Have you ever had one of those moments when one little bit of Scripture leaps from the pages and punches you in the mouth (in a good, wonderful way)? It happened to me this morning.

I was reading the account of Jesus’ temptation in the wilderness, which I’ve read, like, infinity times (hat tip to Napoleon Dynamite). And I’ve made all the “right” applications of the passage to my life. Jesus was suceeding in overcoming temptation where Israel had failed. Jesus was overcoming and conquering Satan, living a sinless life in my place. Jesus was fighting against Satan with the word of God, which provides a model for us. And on and on.

But then this little sentence jumped out:

Then the devil left him, and behold, angels came and were ministering to him. (Matthew 4:11)

The angels were ministering to Jesus. That’s interesting, I thought. Why did Jesus need the angels to minister to him?

Because, you idiot, he just endured the full, intense, exhausting, carefully calculated, carefully planned, forcefully executed onslaught of Satan himself!

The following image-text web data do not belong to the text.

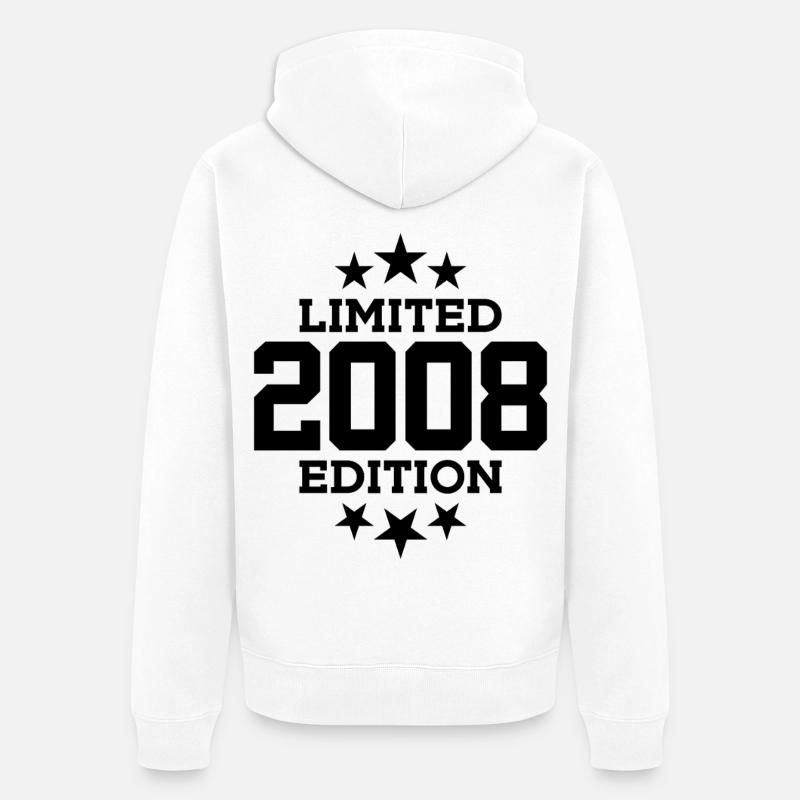 ÉDITION LIMITÉE 2008 18E ANNIVERSAIRE - Veste à capuche bio Premium Unisexe - blanc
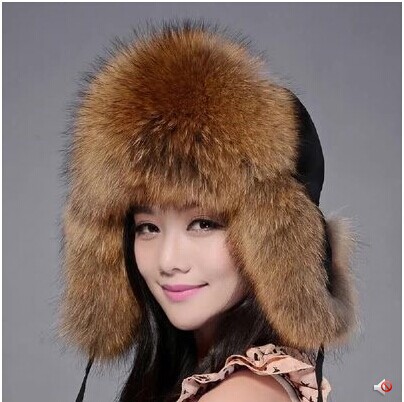 High fur hats caps true female fox fur Lei Feng cap 100% raccoon fur mink whole skin multicolor simple casual warm winter PY77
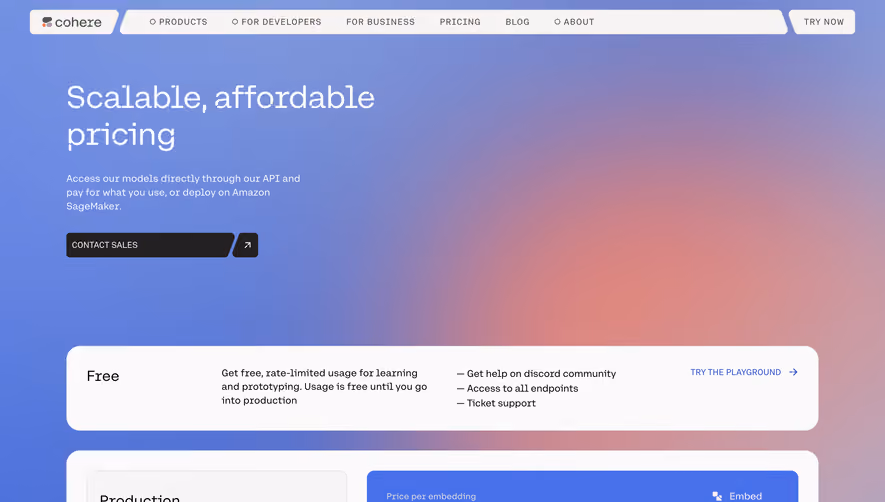 Cohere Pricing Page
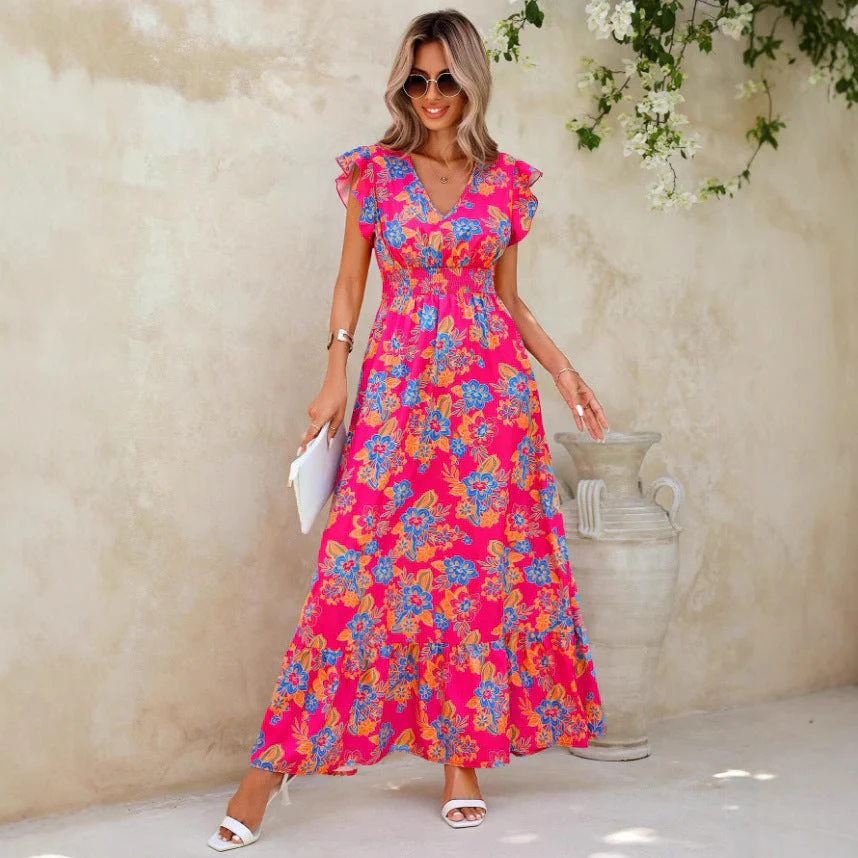 Women's Maxi Dress – Sleeveless – Floral Print – V-neck – Relaxed Fit – Breathable Fabrics - Image 4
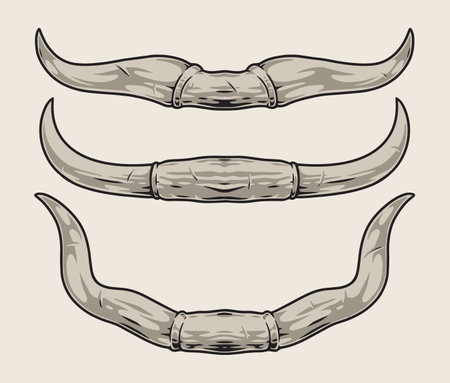 Bull horns monochrome set stickerのイラスト素材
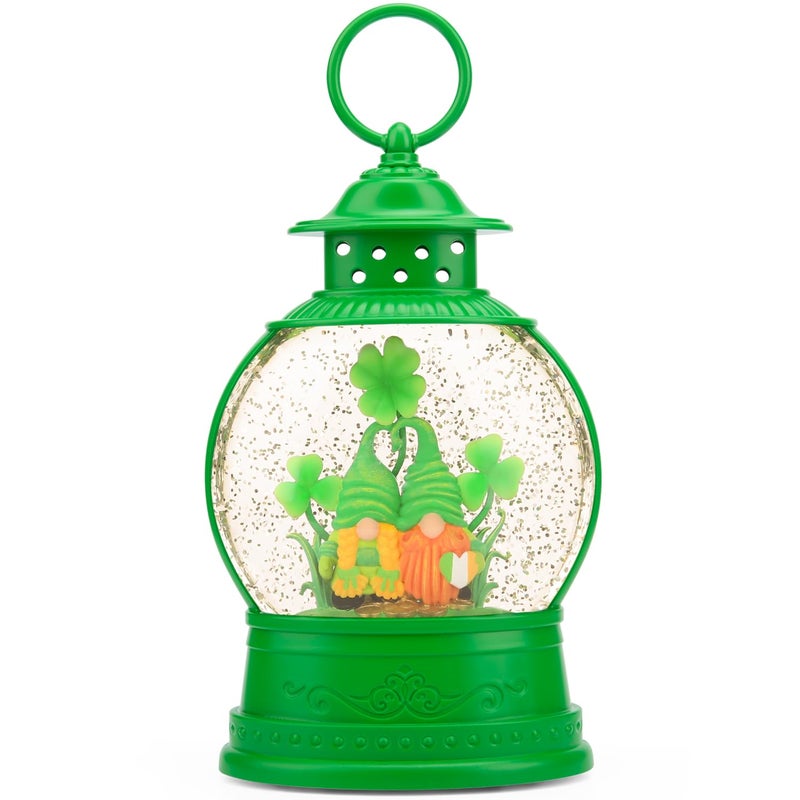 PestiLite St Patricks Day Lucky Shamrock Gnomes Snow Globe for St Patricks Day Decorations,6H Timer, USB/Battery Operated,St Patricks Day Decor for Home Indoor/Outdoor and Home Party Supplies - Image 1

He went head to head in an all-out battle against King of Darkness! He hadn’t eaten for forty days, and was probably physically, emotionally, and spiritually exhausted. After Jesus won the battle against Satan, the angels ministered to him, strengthening him, comforting him, lifting him.

Sometimes I think of Jesus as walking through life without ever really struggling. I mean, come on, he was the Son of God. Surely that made things easier for him, right?

Wrong! What scripture makes clear is that Jesus experienced the utter fullness of our humanity, and was tempted in every deep, full, multi-faceted sense of the word. Just because Jesus didn’t have a sinful nature doesn’t mean that it was easy to resist sin. Remember, Adam and Eve didn’t have a sinful nature either.

Jesus endured the constant, relentless onslaught of Satan’s choicest temptations. Jesus wrestled with Satan himself, not a middle level management demon. I don’t think Satan himself needs to bother with me. He can simply send one of his demons to tempt me. But not so with with Jesus. The Prince of Darkness harnessed all his powers of temptation and deceit in an effort to derail our Savior. In Hebrews 5:7 it says:

In the days of his flesh, Jesus offered up prayers and supplications, with loud cries and tears, to him who was able to save him from death, and he was heard because of his reverence.

Jesus fought for our salvation with loud cries and tears. Cries of desperation, discouragement, exhaustion, and numbness. Tears of grief, betrayal, and heartache. He was sinless, but he was also a Man of Sorrows, intimately acquainted with grief, betrayed by friends, assaulted by enemies, sweating drops of blood in Gethsemane.

For thirty-three years Jesus was pressed, stretched, and assaulted on every side. The relief didn’t come until he uttered the words, “It is finished.” Why did Jesus endure this? To win our salvation! To do what Adam, and Noah, and Israel, and David, and Solomon, and me, and you all failed to do. Jesus spent all of his might, strength, and emotion to conquer sin and Satan, and to make our forgiveness possible.

I’m so grateful for Jesus, the King of Kings who desperately needed the angels to minister to him. I’m grateful that we have a Savior who was tempted in every way, and who now ministers himself on our behalf. That’s the kind of Savior that I need.